The determining factor on who makes it in the music business in the future will likely have a great deal to do with being able to use big data effectively. You still have to have a great product, design, marketing, communication but none of that will matter if you don’t know what to do with it. If you don’t know about what to do with big data, you’re not much different than me all those years ago, not knowing how to find another record store. If you don’t know about information and knowledge management, you won’t know about or be able to reach your fans in different cities. You need to know, not guess, and have a business plan for content distribution and engaging with your fans.
So the answer to what you have to know these days it, all of it. More than ever you need to be in the business of music. You must be both a business person and artist. As a developing artist in today’s music industry, you’ll need to combine grassroots efforts like playing in lots of small towns, getting on all the local broadcasts, engaging directly with your fans in person and online, but only after you’ve correctly analyzed your data and know which markets to target. You might want to take a cue from news media or organizations like Amazon. They are in the business of digital audience building an online network delivery systems. These organizations need to create a tone that resonates with fans, and that is engaging and will translate into sales. It’s becoming the same business model as you, the independent musician will need in today’s digital market place.
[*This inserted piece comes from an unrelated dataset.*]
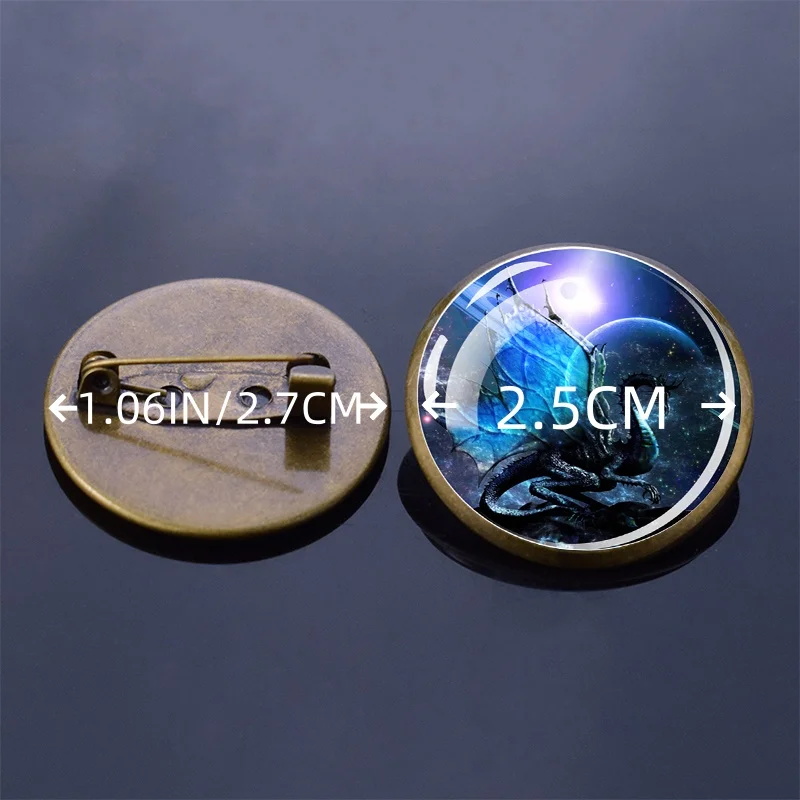 Starry Sky Dragon Glass Convex Brooch Buckle Men's Women's Clothing Accessories Fashionable Exquisite Gifts for Friends Family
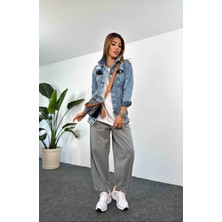 Sagi Jeans Kadın Yırtık Detaylı Basen Boy Klasik Uzun Kot Ceket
In an age where things like media and songs can be written from algorithms by a computer, it is your brand, your personality, your personal communication style and delivery that will make you unique and make you rise above the digital noise.
Try these three things for fan engagement.
- Ask them; out of these two projects, which would you like me to do first?
- Collaborate on a song with some of them to perform in their city on your next tour.
- Hold online marketing meetings with fans from the city you’re about to play. See if they can assist you in filling the venue and getting the word out. They know more, personally, about their area than you do. They may have some great ideas.